**Your task:** The answer must be every entry below, word for word, with the pictures left out.

****

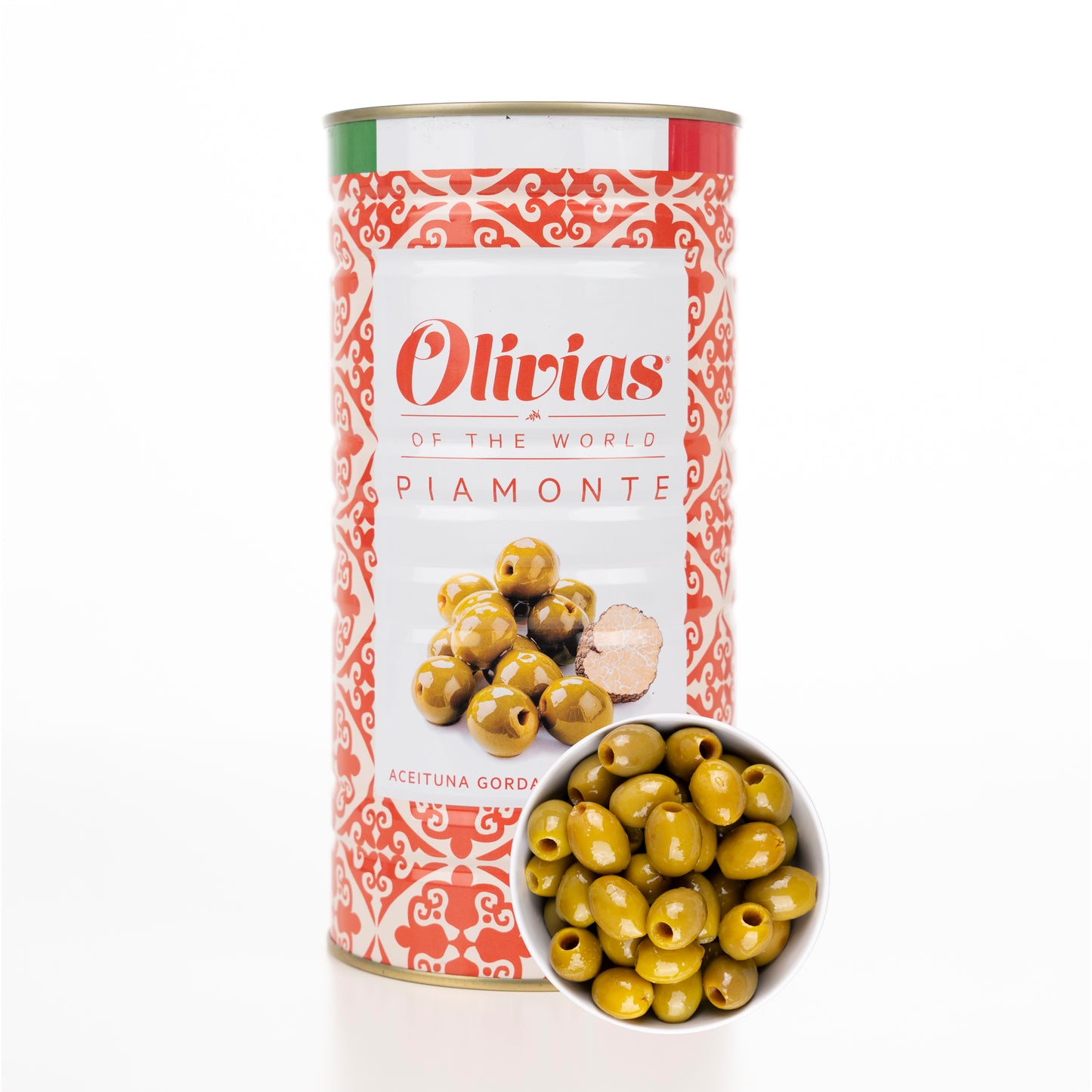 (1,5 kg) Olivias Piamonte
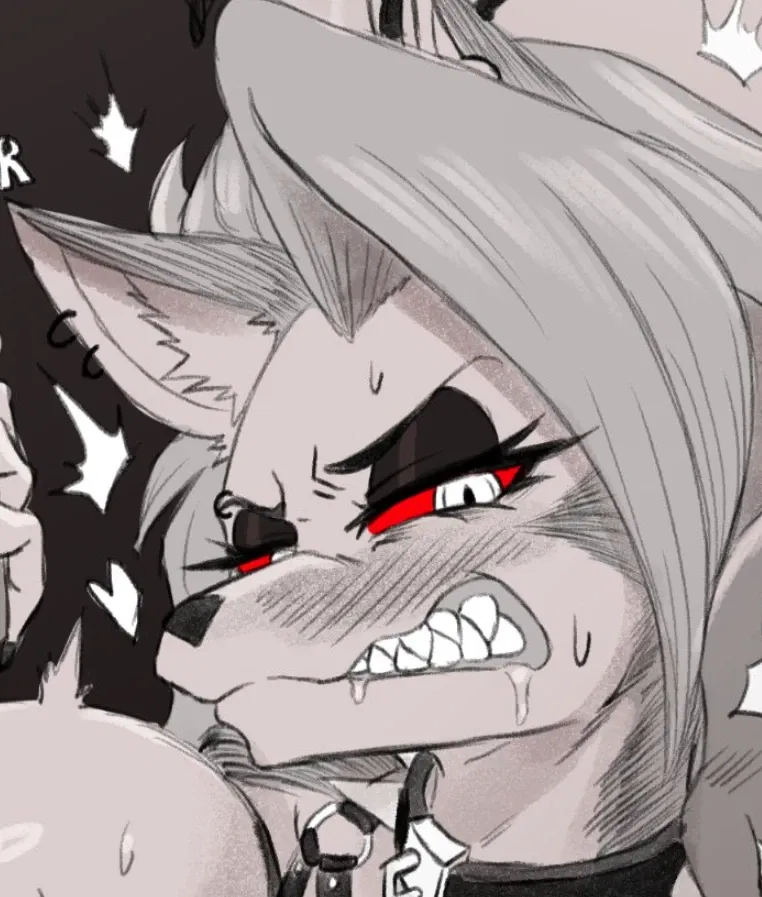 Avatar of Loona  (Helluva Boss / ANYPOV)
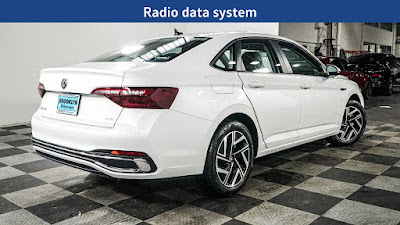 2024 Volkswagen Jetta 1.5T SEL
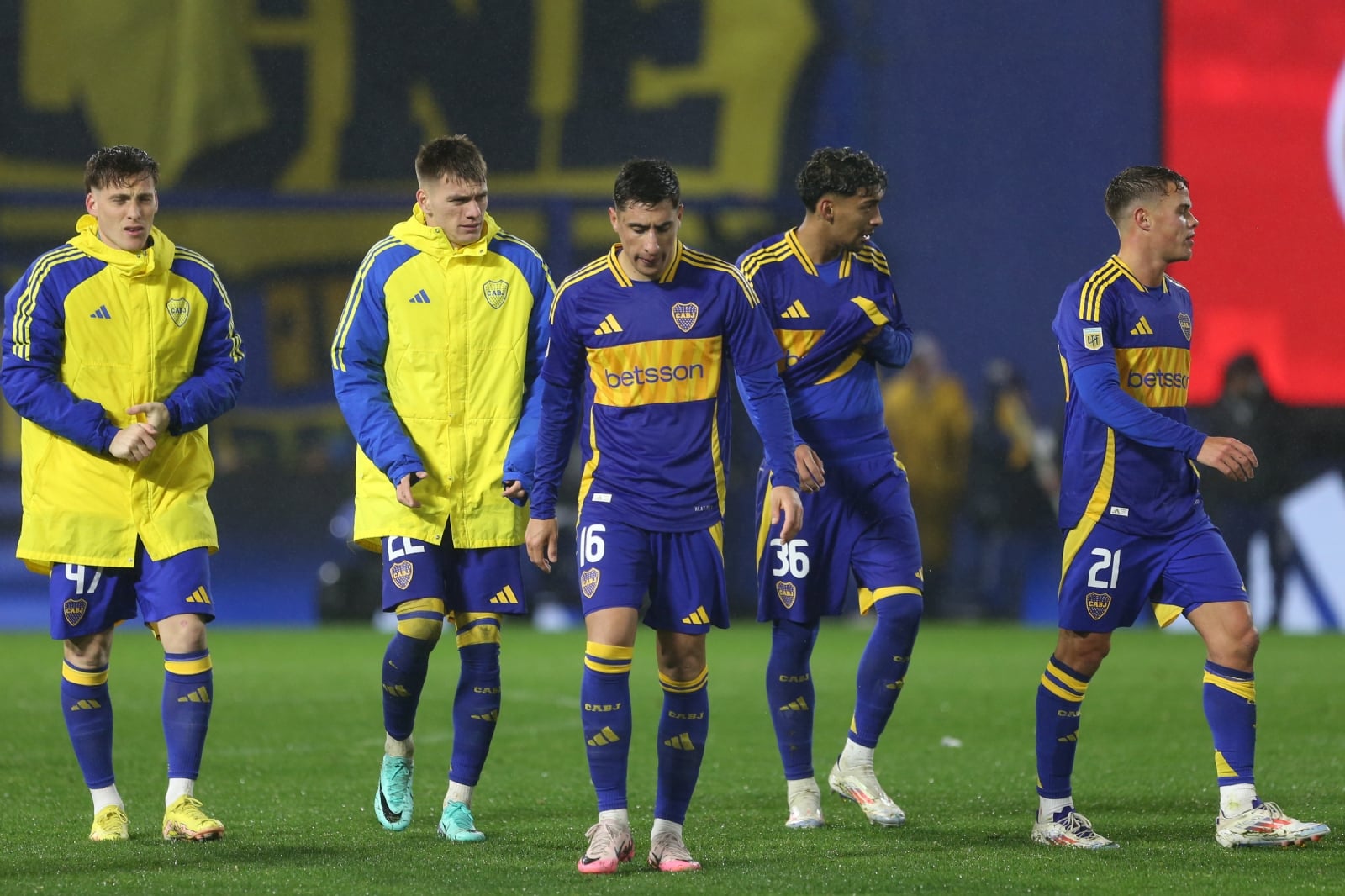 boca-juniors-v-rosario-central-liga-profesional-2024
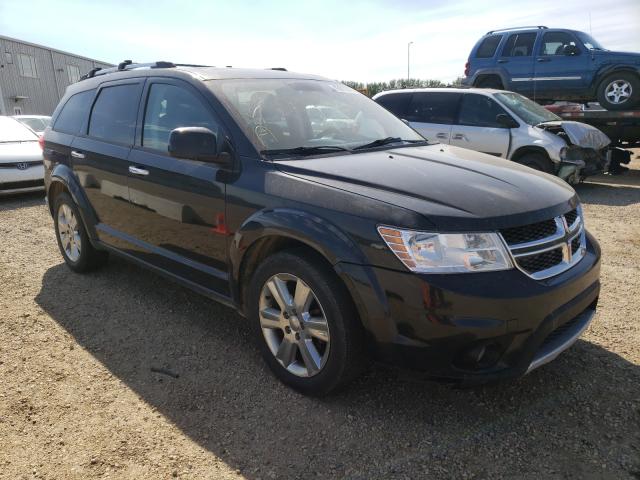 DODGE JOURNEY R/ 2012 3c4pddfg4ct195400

****

**Exercise solution:**
 (1,5 kg) Olivias Piamonte
 Avatar of Loona  (Helluva Boss / ANYPOV)
 2024 Volkswagen Jetta 1.5T SEL
 boca-juniors-v-rosario-central-liga-profesional-2024
 DODGE JOURNEY R/ 2012 3c4pddfg4ct195400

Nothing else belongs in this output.